Write out only the lines from the line that holds "تعریض و بهسازی" to the end of the listing below, inclusive, with the pictures omitted.

### EXTRACTED DATA

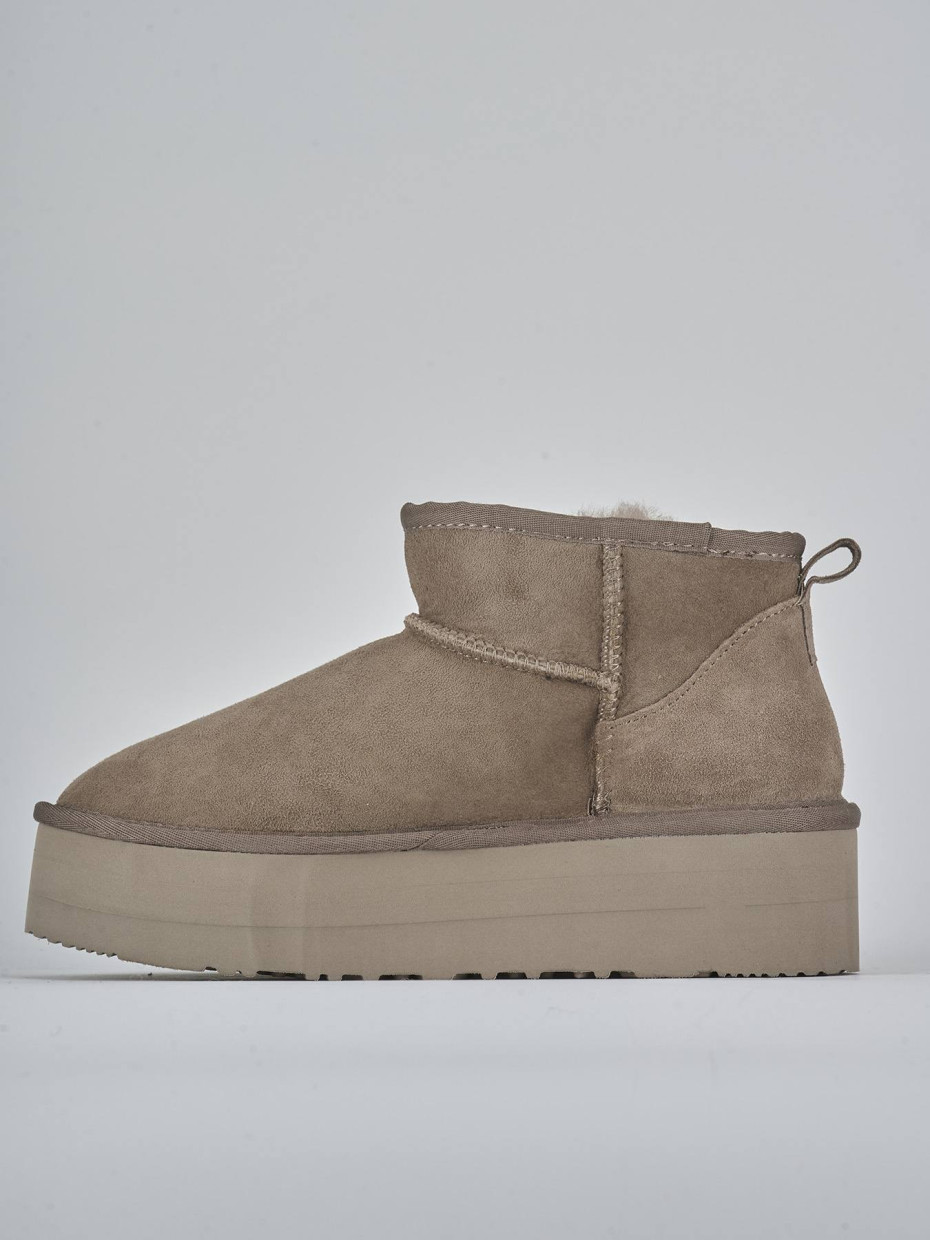 Stivaletti camoscio beige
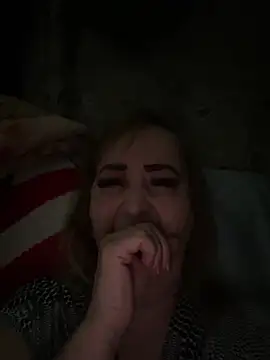 Snapshot of Irina2909@xh chatting on 01/17/26, 11:52 Irina2909xh online show from 01/17/26, 11:52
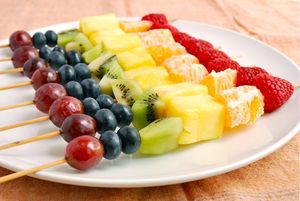 Rainbow-fruit-skewers-3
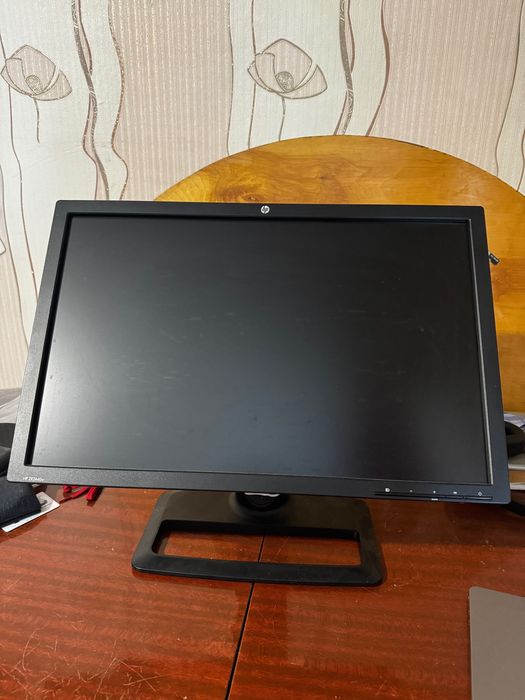 Монитор HP ZR2440w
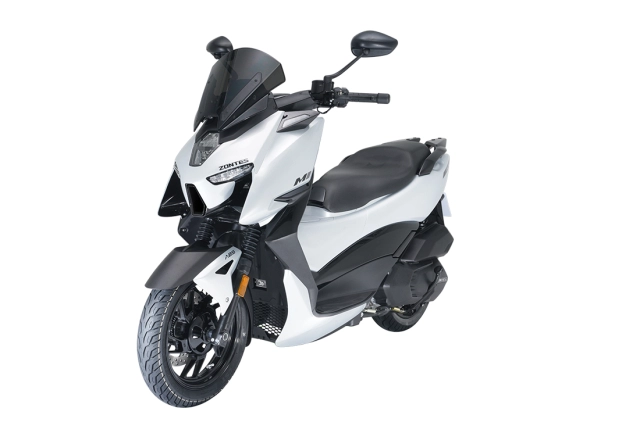 Pcx160 đụng phải đối thủ lớn - thiết kế thể thao hơn mạnh hơn nhiều công nghệ hơn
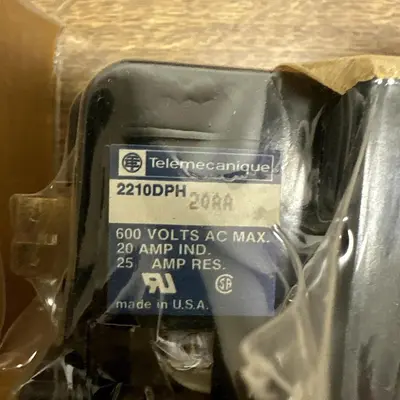 New | in-Stock TELEMECANIQUE 2210DPH20AA Miscellaneous Equipment (Electrical & Power) | Surplus Asset Holdings #1193115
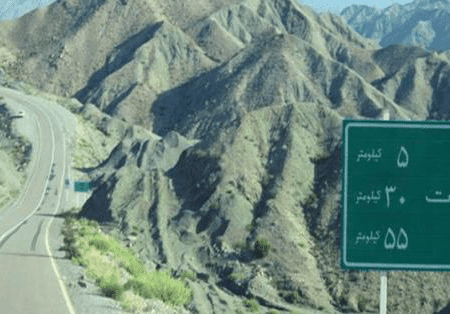 تعریض و بهسازی راهِ بشاگرد باید در اولویت استاندار هرمزگان باشد.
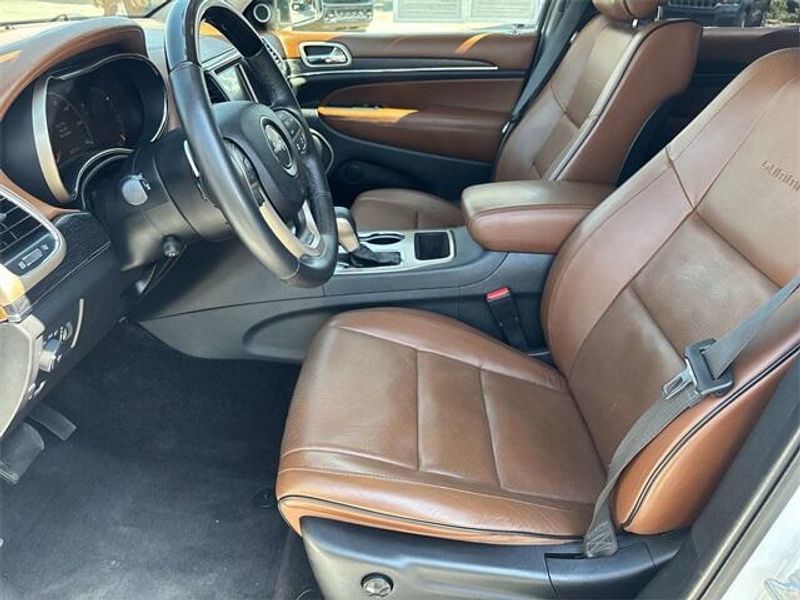 Used 2016 Jeep Grand Cherokee SummitImage 18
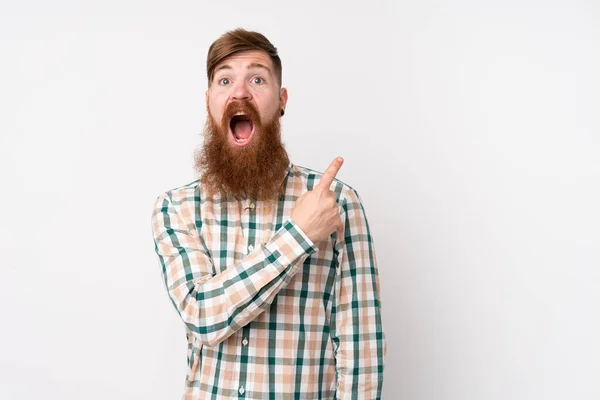 Roodharige Man Met Lange Baard Geïsoleerde Witte Achtergrond Verrast Wijzend — Stockfoto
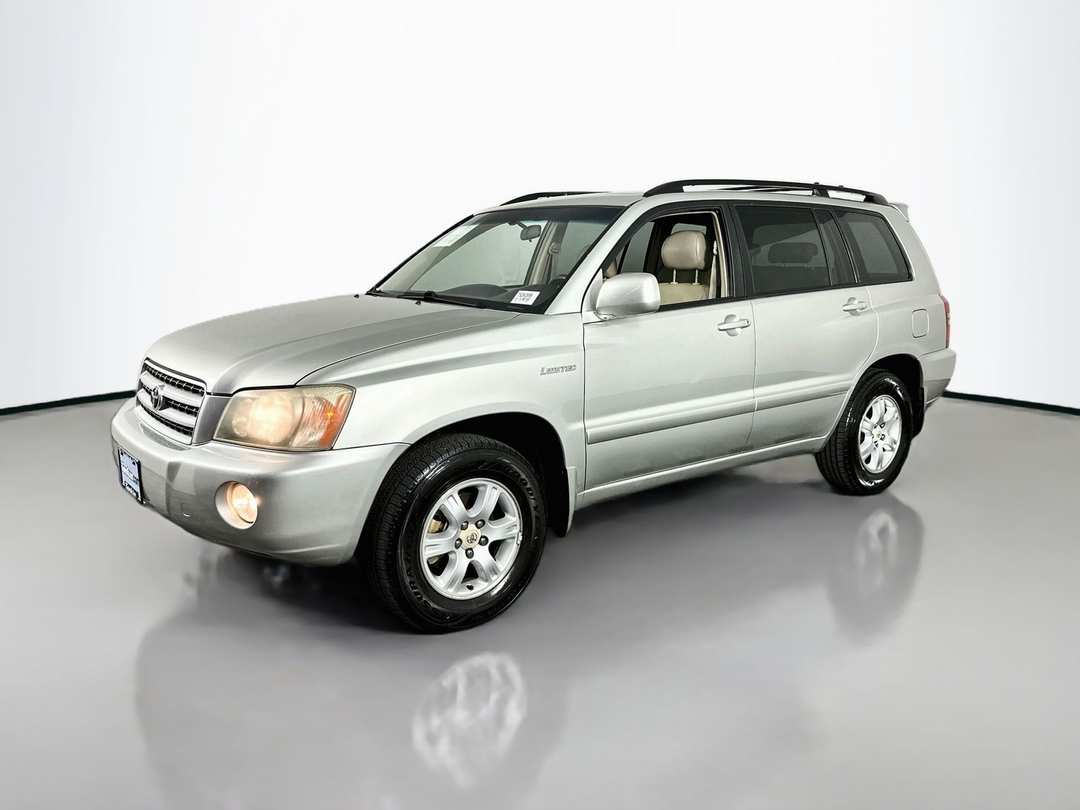 2003 Toyota Highlander Limited - Image 3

######

== ANSWER BOX ==
 تعریض و بهسازی راهِ بشاگرد باید در اولویت استاندار هرمزگان باشد.
 Used 2016 Jeep Grand Cherokee SummitImage 18
 Roodharige Man Met Lange Baard Geïsoleerde Witte Achtergrond Verrast Wijzend — Stockfoto
 2003 Toyota Highlander Limited - Image 3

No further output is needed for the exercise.